AI Gesture Control Logic

A deep dive into how `grafgameN_8_5-5d.html` translates physical hand movements into game inputs using Computer Vision.

1. The Technology Stack

The game relies on two specific libraries provided by Google's TensorFlow team. These are loaded via Content Delivery Network (CDN) to run directly in the browser without backend servers.

Core TensorFlow.js

The machine learning engine that allows hardware acceleration (WebGL) in the browser. It handles the heavy math required for neural networks.

<script src=".../tfjs"></script>

Model HandPose

A pre-trained neural network specifically designed to detect 21 3D landmarks of a human hand from a single video frame.

<script src=".../handpose"></script>
Implementation Strategy: The code loads the model asynchronously using handpose.load(). Once loaded, it continuously passes the webcam video feed to the model to get real-time predictions.

2. Detection & Tracking Logic

The code doesn't just track "a hand." It specifically stabilizes the input by averaging specific finger joints (Knuckles).

Step A: Landmark Extraction

The estimateHands(video) function returns an array of landmarks. The code extracts the MCP (Metacarpophalangeal) joints—the knuckles where the fingers meet the palm.

  • Index Finger MCP (Index 5)
  • Middle Finger MCP (Index 9)
  • Ring Finger MCP (Index 13)

Step B: Stability Averaging

To prevent "jitter" (shaky movement), the code averages the X and Y coordinates of these three joints to create a single Control Point.
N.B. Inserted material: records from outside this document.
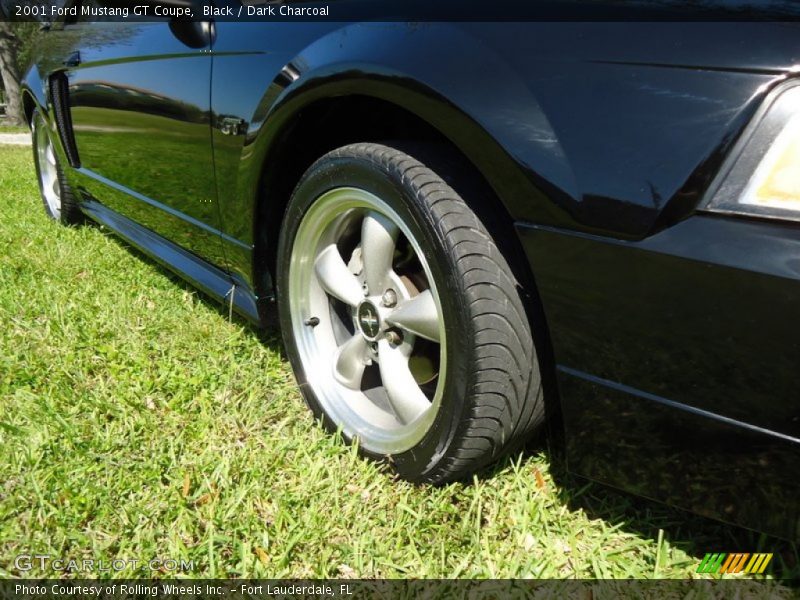 Black / Dark Charcoal 2001 Ford Mustang GT Coupe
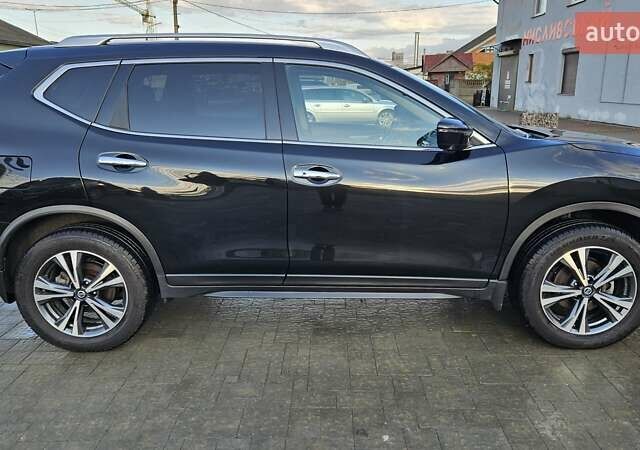 Черный Ниссан Rogue, объемом двигателя 2.49 л и пробегом 104 тыс. км за 21500 $, фото 3 на Automoto.ua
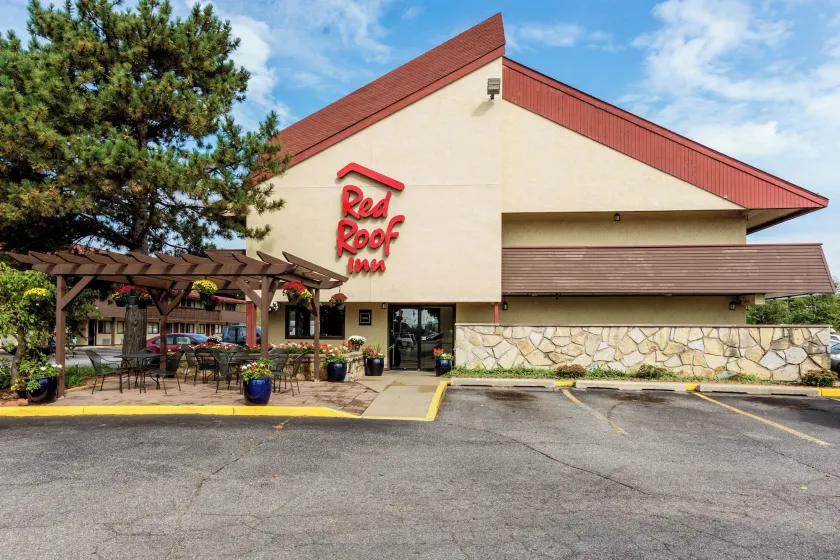 Red Roof Inn Grand Rapids Airport - Image 1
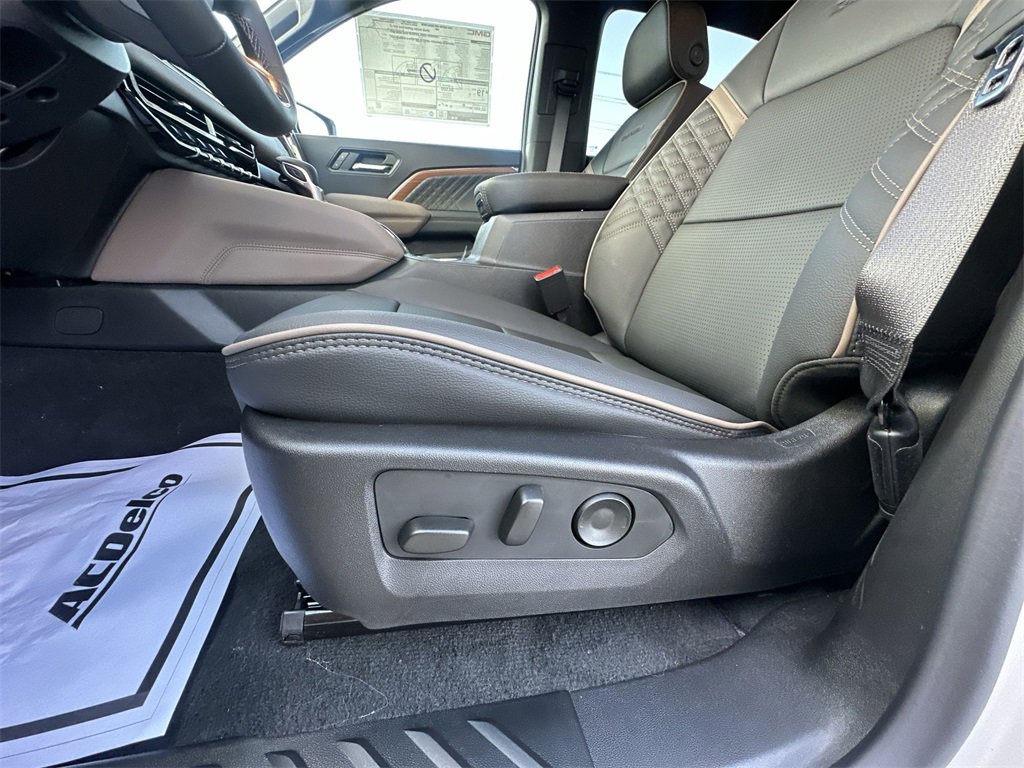 New 2026 GMC Canyon Denali image 12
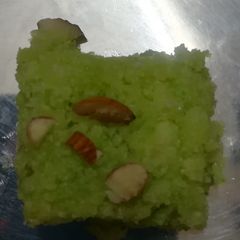 A picture of Coconut burfi.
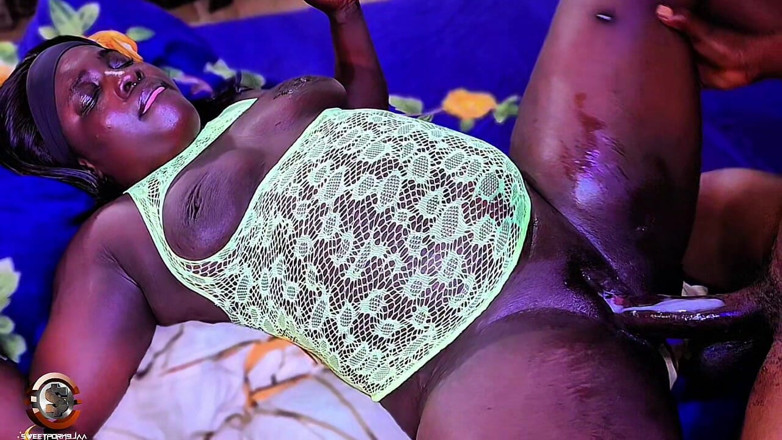 Tusweet9ja: MILF Mit Dickem Hintern Wurde Vor Mitleid Geritten, Bis Sie...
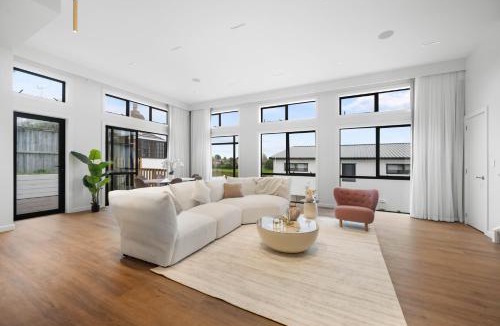 Devonport Villa | Devonport- Bayswater Luxury Home with BBQ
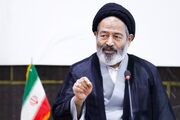 نواب: آیت‌الله شبیری زنجانی بر پیوند علم و معنویت تأکید داشت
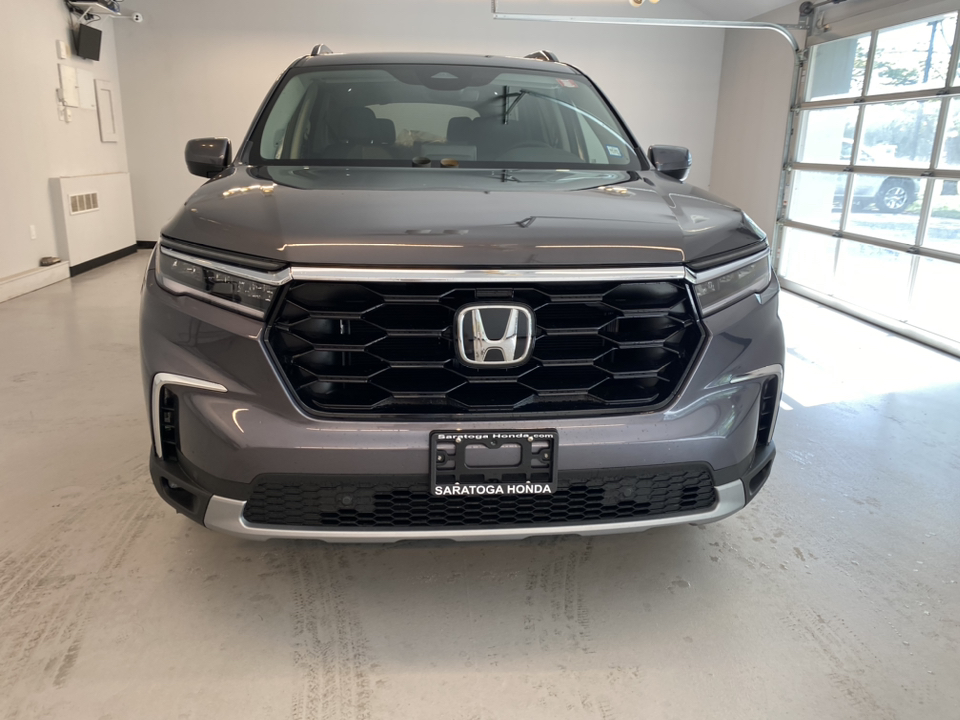 2025 Honda Pilot Touring 3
const landmarkIndices = [5, 9, 13];
let totalX = 0, totalY = 0;

// Average the position
controlPointX = totalX / 3;
controlPointY = totalY / 3;

3. Calculating Movement (The Swipe)

The core innovation in this file is the History Buffer. It doesn't look at where the hand is; it looks at where the hand was compared to now.

The History Array

A variable controlPointHistory stores positions with timestamps. Old data (>500ms) is constantly removed.

Oldest Point (t - 0.5s)
Where you started
Current Point (t - 0s)
Where you are now

The Vector Math

The code calculates the difference (Delta) between the Oldest point in memory and the Current point.

// Note: X is mirrored!
diffX = oldestPoint.x - currentPoint.x;
diffY = currentPoint.y - oldestPoint.y;

const threshold = 25; // Pixels

Direction Resolution Logic

The code determines the dominant axis (Horizontal vs Vertical) to decide the game input.

1. Threshold Check
Is the movement > 25px?
If No: IDLE (0)
2. Axis Check
Is abs(diffX) > abs(diffY)?
If Yes: Horizontal Move
If No: Vertical Move
3. Direction Check
Horizontal: Left/Right?
Vertical: Up/Down?

4. Visualizing the Logic

The diagram below simulates how the code interprets a physical hand swipe. The Red Line represents the controlPointHistory (the vector).

5. Game Loop Integration

Finally, the code injects this logic into the game loop using a non-blocking approach.

requestAnimationFrame(gameLoop);

function gameLoop(now) {
    // 1. Run CV (Promise based)
    model.estimateHands(video).then( preds => {
        direction = getMotionDirection(now);
        
        // Persistent Movement Logic
        if (direction !== 0) {
            lastValidDirection = direction;
            arah_gelinding = direction;
        }
    });

    // 2. Update Game State
    // Moves the ball based on 'arah_gelinding'
}

Critical Detail: The variable lastValidDirection ensures that if the camera loses track of the hand momentarily, or the user stops moving, the ball continues rolling in the last intended direction.